I am humbled by the knowledge on this sight, I am saddened for Tim and hope he can return it and I'm happy we are all getting an education here.....Jim


----------



## cyberdigger

Artificial authenticity ..what hath man wrought...?


----------



## sandchip

The icepick bruise would tend to make the fake look more authentic.  I checked when the Helvetica font was designed:  1957, about a century after the bottle was blown.


----------



## baltbottles

Tim,

 I don't have a pic of any of the fakes but. If you are not sure go and send the bottle to one of the big bottle auction houses. And they will tell you the same thing I have. Pontiled sodas are my main collection and I have handled more good sodas then most people on this forum. All I can say is everything about the embossing is wrong.

 Chris


----------



## bottlekid76

Well if that's what it is then it's a hard lesson learned.

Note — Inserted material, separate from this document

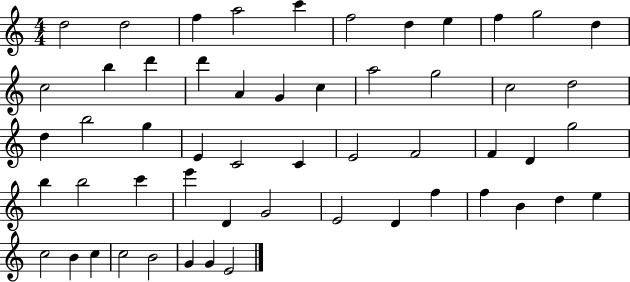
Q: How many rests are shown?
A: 0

I doubt it would be returnable. I guess i'll have to just keep it on the shelf and admire it. Maybe one day i'll see an example of one of the enhanced bottles you have mentioned. Thanks guys

 ~Tim


----------



## Road Dog

Never even paid attention to that font , but once you mentioned it I can see it now. Sharp folks on here. Might be a good thing to put in the scam and fraud section?


----------



## blobbottlebob

I am so sorry Tim! It is a stunning bottle and an even more bzazen scam. Everything that I have used to authenticate a bottle is present. It looks old. The pontil seems real - it even has graphite in it. I have never seen anything like that faked. Everything about the lip says early. The whittle and the the pry marks - consitant with age. But to take an old bottle and modify it with new technology!!! Now that is taking fraud to a whole nother level. This guy is one heck of a scoundrel. I think you should contact him and tell him that experts have told you it is not authentic. Explain your findings and ask him if the police around there investigate fraud cases. Maybe that would make him consider a refund. (Unless you bought it for ten bucks - then just call it a lesson learned). But if you paid five hundred (or something), someone has GOT to stop this guy.

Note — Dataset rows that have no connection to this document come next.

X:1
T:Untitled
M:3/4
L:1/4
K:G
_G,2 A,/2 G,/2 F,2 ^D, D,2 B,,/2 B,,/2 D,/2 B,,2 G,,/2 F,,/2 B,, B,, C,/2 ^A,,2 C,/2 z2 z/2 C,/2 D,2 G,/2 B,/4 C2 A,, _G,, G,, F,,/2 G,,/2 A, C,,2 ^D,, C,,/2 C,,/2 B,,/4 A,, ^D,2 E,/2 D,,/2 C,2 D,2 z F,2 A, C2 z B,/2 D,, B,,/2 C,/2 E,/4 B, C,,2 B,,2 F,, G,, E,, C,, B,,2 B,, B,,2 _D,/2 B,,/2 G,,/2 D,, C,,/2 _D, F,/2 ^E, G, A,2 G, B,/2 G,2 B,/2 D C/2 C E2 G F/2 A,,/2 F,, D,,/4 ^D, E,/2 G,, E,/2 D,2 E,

 If it makes you feel any better, I would not have known. I have seen early bottles with that square plate and I would have thought that it was not only possible but entirely likely that it was original. Man, this gets my goat! That guy was either duped as bad as you (which seems unlikely because he was telling you he's had it for years and years) or he is a total slimebucket.


----------



## KBbottles

Dude id do everything i can to get my money back if that happened to me... And im surprised such a well-versed collector wouldn't have figured out this was a fake.  Regardless, i would really try.  I wouldnt want that thing on my shelf reminding me of my mistake... But thats just me lol


----------



## bottlekid76

The only thing I know for sure is that the guy I bought it from, moved here to this area in the mid 80's from Pennsylvania. Apparently there is a big or famous yard sale that many people go to somewhere there. Tons of people set up and it has anything and everything, not just antiques. Some of you from the area may know what it is? Anyhow, he bought it there at that time. That's really all I know. I do know the gentleman I bought it from definatly (like me) wouldn't have considered it a fake and sold it to me. He's a pretty good guy and honest. He was fooled also i'd say if it is the for sure the case. So if it is indeed what Chris is saying, I wouldn't blame him. I definatly wasn't expecting that response tho!

 All the best,
 ~Tim


----------



## RICKJJ59W

> ORIGINAL:  baltbottles
> 
> Tim,
> 
> I hate to tell you but the bottle you bought is an outright fake. It was made with an industrial laser etching machine there were a few of these going around about 6 years ago. I believe they were traced back to a guy in Pa he also made a bunch of unique sodas from small Pa towns. That took a few collectors by surprise. I don't know if any legal action was ever taken against the guy.


 
 I thought that embossing looked a little to neat and crisp. 
    It's a shame Kid.I would hunt that bum down.


----------



## blobbottlebob

> mid 80's from Pennsylvania


 Tim. I am no expert on technology but I'm guessing this thing was made well after the 80s. Maybe I'd believe six years ago - like Chris (Baltbottles) mentioned. If he says he bought this in the 80s, then he IS pulling something.


----------



## rockbot

the first thing I noticed was the font too. Way to modern. you would think that someone going through all that trouble of making a fake would take the time to research the letter style of the time. Thats what I like about old glass. Old font, oh and color and whittle oh hell, I just a bottle head!


----------



## AntiqueMeds

just something to consider, 
 If at some point you are convinced 100% that this is a fake could you do something to ensure this bottle doesnt continue to float around the collector community? I'm not implying that you would resale it but these things have a way of getting back into the market place when collections are disposed of. They are like landmines waiting for someone else to step on them. You might consider permanently marking it on the back with an engraver or something.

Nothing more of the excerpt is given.